セラミックスを通電修復で長寿命化するスゴい技術
物材機構が開発
物質・材料研究機構の森田孝治主席研究員は、千葉工業大学と名古屋大学と共同で、セラミックスの通電修復技術を開発した。クラック(亀裂)をガラスなどの添加材で埋めるのでなく、母材と同じ物質が埋めるため特性を損なわない。セラミックスは金属材料などと比べるとリサイクルしにくい。修復できると寿命が延びる。タービンブレードや燃料電池などの付加価値の高い部材に提案していく。
セラミックスの温度を上げると電気を流すようになるフラッシュ現象を利用する。実験ではジルコニアを800度Cまで予熱し直流電流を流し、ジュール熱で1230度Cまで昇温した。これで長さ20マイクロメートル(マイクロは100万分の1)のクラックを修復できた。

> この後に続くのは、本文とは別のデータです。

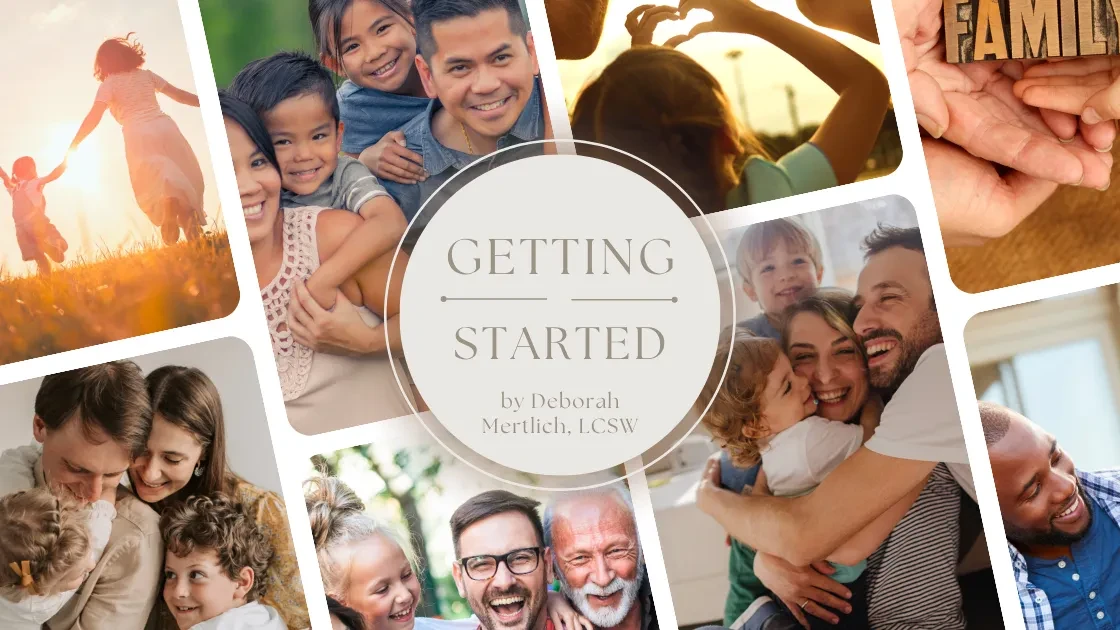 ✨ Getting Started: Welcome + Path to Real Change lesson poster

電気を流さずに1230度Cまで加熱しても修復は進みにくい。電流が原子拡散やクラック修復を促し、約3倍修復速度が向上した。フラッシュ現象が起きる材料には広く適用できると考えられる。ジルコニアの焼結温度は1400度Cのため、800度Cと通電で修復できると部材を長く使え、環境負荷を抑えられる。
セラミックスは部材内部の微小なクラックに特性が左右される。修復だけでなく、製造時にもクラックを除く処理として利用できる。特に切削や研削で加工された部材は機械的に微小な損傷が残ることが多かった。
今後、微小クラックと部材の寿命管理なども研究を進める。詳細は10日から日本セラミックス協会が開く「2022年年会」で発表する。